Seems accurate in this case, no? The title sets you up to expect to read a profile of an individual doing some interesting research, and that's pretty much exactly what we got.
My review of it can be found here: http://www.tjradcliffe.com/?p=1605
Short version: Baumesiter focuses on data, not imaginary scenarios, which he correctly identifies as profoundly misleading (which should be no surprise to anyone paying attention to the past 300 years of scientific history, which has basically been a monotonous repetition of "Your imagination is a terrible tool for knowing reality"). He defines and rejects the imaginary "myth of pure evil" and investigates empirically what causes evil and how it works in the real--not the imaginary--world.
The causes he identifies are fragile egotism, material gain, utopian idealism, and sadism (the last is the least, accounting for perhaps 5% of evil acts.) He backs his claims with data, not imagination, and anyone arguing against him must bring far more than "it just makes sense to me" as a counter.

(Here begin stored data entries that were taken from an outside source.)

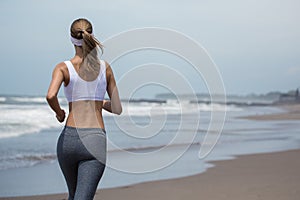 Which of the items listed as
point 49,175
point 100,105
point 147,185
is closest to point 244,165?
point 147,185

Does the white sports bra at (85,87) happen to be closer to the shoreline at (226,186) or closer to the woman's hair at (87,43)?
the woman's hair at (87,43)

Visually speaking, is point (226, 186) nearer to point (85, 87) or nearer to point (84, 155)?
point (84, 155)

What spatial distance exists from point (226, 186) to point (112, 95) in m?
4.14

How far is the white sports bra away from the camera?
3.07m

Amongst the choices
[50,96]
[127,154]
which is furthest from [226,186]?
[50,96]

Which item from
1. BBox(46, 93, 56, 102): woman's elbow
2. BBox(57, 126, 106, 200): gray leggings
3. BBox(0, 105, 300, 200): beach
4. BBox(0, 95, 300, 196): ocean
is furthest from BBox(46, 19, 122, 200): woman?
BBox(0, 105, 300, 200): beach

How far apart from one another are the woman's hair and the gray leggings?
1.33 ft

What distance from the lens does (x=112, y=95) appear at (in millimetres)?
3180

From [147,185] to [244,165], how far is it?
261 cm

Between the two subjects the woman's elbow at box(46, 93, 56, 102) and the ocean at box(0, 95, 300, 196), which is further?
the ocean at box(0, 95, 300, 196)

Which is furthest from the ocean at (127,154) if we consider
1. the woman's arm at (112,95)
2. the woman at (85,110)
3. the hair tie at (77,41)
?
the hair tie at (77,41)

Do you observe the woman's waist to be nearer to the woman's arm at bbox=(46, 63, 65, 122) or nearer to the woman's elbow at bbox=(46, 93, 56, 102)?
the woman's arm at bbox=(46, 63, 65, 122)

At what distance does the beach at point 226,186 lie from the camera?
20.7 feet

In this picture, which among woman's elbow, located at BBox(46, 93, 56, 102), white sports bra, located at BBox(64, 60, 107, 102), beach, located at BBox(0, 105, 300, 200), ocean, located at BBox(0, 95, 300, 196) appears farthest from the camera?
ocean, located at BBox(0, 95, 300, 196) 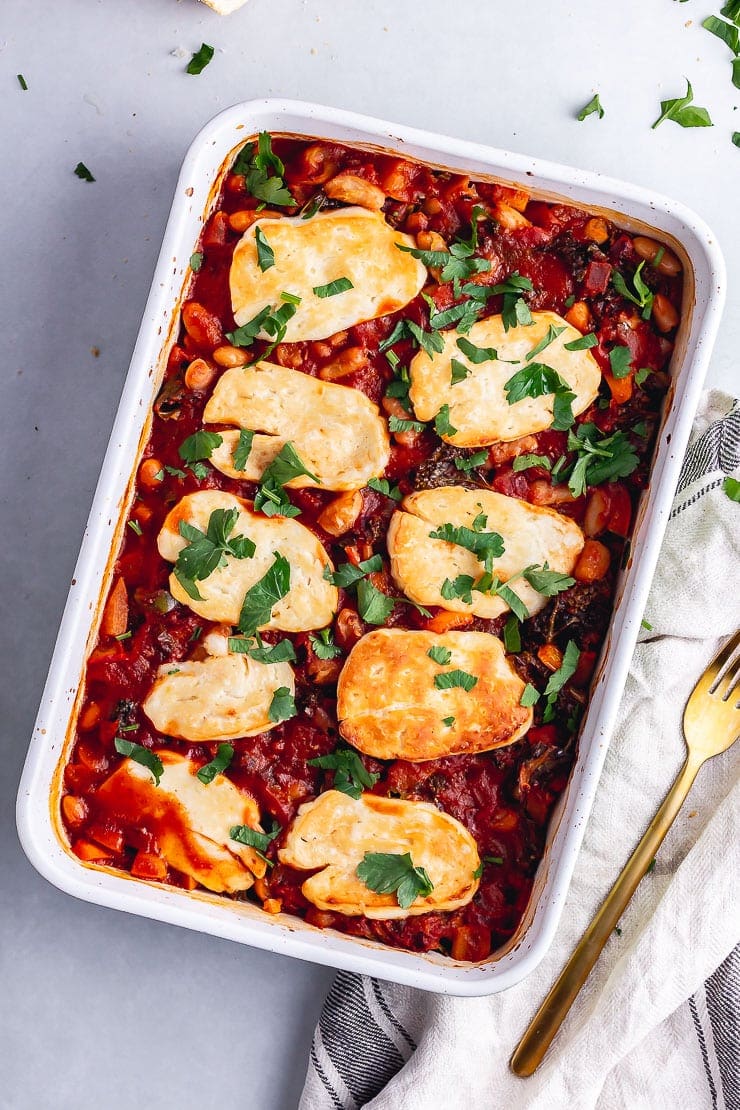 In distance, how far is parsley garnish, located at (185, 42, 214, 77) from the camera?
277cm

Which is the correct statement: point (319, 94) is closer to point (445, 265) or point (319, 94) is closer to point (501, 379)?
point (445, 265)

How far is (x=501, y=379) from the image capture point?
2.35 metres

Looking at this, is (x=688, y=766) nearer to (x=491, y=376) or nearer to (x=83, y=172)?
(x=491, y=376)

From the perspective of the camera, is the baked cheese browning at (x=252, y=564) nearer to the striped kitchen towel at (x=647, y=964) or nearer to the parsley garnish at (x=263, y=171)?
the parsley garnish at (x=263, y=171)

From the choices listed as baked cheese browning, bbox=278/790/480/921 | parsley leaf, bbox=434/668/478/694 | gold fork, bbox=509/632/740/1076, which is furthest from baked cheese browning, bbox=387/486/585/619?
gold fork, bbox=509/632/740/1076

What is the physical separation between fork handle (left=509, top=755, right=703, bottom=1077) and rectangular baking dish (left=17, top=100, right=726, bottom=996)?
0.32m

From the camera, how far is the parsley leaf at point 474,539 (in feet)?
7.67

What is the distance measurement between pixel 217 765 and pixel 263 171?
4.71ft

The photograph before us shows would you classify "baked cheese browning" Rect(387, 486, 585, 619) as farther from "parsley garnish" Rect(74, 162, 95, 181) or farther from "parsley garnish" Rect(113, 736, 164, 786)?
"parsley garnish" Rect(74, 162, 95, 181)

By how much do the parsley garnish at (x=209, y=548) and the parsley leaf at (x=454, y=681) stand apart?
0.53m

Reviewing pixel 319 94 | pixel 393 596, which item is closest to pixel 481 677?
pixel 393 596

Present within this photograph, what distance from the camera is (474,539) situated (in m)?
2.35

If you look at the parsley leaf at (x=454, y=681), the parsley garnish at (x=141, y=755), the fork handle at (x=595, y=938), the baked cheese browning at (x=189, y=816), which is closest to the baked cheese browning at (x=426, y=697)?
the parsley leaf at (x=454, y=681)

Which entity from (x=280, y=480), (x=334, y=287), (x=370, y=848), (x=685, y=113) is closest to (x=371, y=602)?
(x=280, y=480)
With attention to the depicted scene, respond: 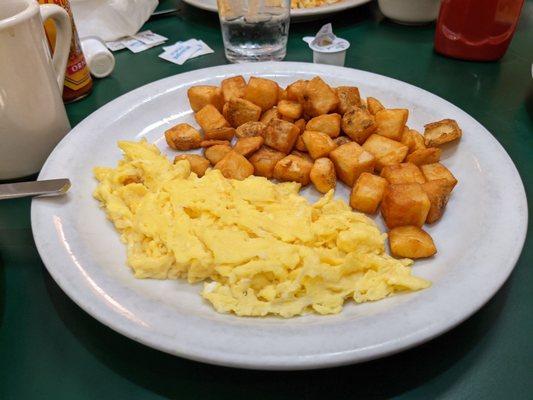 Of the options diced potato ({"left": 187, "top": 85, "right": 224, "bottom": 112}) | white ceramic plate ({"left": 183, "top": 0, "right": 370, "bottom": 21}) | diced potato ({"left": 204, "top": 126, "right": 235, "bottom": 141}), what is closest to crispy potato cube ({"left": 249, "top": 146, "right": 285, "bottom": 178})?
diced potato ({"left": 204, "top": 126, "right": 235, "bottom": 141})

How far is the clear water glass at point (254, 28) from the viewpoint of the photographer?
159 cm

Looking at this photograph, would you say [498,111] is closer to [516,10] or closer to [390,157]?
[516,10]

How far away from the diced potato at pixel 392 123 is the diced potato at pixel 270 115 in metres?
0.26

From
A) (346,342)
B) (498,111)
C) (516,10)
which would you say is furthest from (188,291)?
(516,10)

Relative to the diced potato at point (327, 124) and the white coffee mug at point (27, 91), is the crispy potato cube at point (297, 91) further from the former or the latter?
the white coffee mug at point (27, 91)

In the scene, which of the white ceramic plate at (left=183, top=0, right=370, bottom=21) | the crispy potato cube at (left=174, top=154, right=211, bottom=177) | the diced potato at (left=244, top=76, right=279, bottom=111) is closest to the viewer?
the crispy potato cube at (left=174, top=154, right=211, bottom=177)

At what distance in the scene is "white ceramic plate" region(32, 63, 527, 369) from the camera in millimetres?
635

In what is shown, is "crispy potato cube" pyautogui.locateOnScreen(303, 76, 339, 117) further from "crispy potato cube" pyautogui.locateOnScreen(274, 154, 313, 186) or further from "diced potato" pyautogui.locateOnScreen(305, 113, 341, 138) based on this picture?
"crispy potato cube" pyautogui.locateOnScreen(274, 154, 313, 186)

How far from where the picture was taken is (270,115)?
1229 millimetres

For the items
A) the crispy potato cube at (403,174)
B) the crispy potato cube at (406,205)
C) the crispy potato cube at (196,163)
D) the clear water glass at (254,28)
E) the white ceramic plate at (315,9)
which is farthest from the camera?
the white ceramic plate at (315,9)

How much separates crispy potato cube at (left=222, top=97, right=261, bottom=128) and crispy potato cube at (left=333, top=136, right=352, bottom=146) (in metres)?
0.22

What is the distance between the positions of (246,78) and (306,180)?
44cm

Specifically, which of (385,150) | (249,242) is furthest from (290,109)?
(249,242)

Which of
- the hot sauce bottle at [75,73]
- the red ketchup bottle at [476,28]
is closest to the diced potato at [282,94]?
the hot sauce bottle at [75,73] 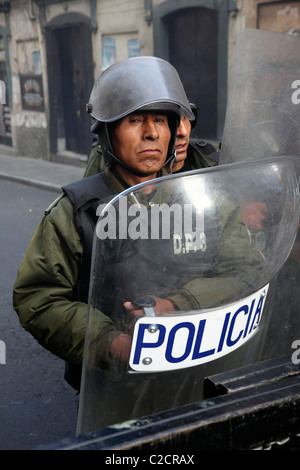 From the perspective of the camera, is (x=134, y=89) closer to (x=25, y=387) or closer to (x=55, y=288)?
(x=55, y=288)

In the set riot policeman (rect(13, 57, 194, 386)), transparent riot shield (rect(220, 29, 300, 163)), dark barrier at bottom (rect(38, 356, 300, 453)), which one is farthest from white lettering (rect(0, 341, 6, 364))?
dark barrier at bottom (rect(38, 356, 300, 453))

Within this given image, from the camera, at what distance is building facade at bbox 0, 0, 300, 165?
29.8 ft

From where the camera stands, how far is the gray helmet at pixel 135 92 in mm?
1742

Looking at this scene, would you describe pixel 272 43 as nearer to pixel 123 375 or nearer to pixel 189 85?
pixel 123 375

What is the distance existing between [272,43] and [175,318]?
79 centimetres

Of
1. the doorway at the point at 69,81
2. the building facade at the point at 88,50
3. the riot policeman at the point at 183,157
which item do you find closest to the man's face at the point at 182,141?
the riot policeman at the point at 183,157

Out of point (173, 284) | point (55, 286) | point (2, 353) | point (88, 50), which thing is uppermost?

I can't recommend this book enough. Is it the last word on the subject? Of course not: it is science, and therefore open-ended. But it is so much better than almost anything else you will read on evil that complaining about its shortcomings looks silly. It is certainly vastly better than the purely imaginary accounts of evil found in the Bible or the Quran or "A Treatise on Human Nature", to the extent that they are incidently but convincingly shown to be completely irrelevant as practical guides to human behaviour.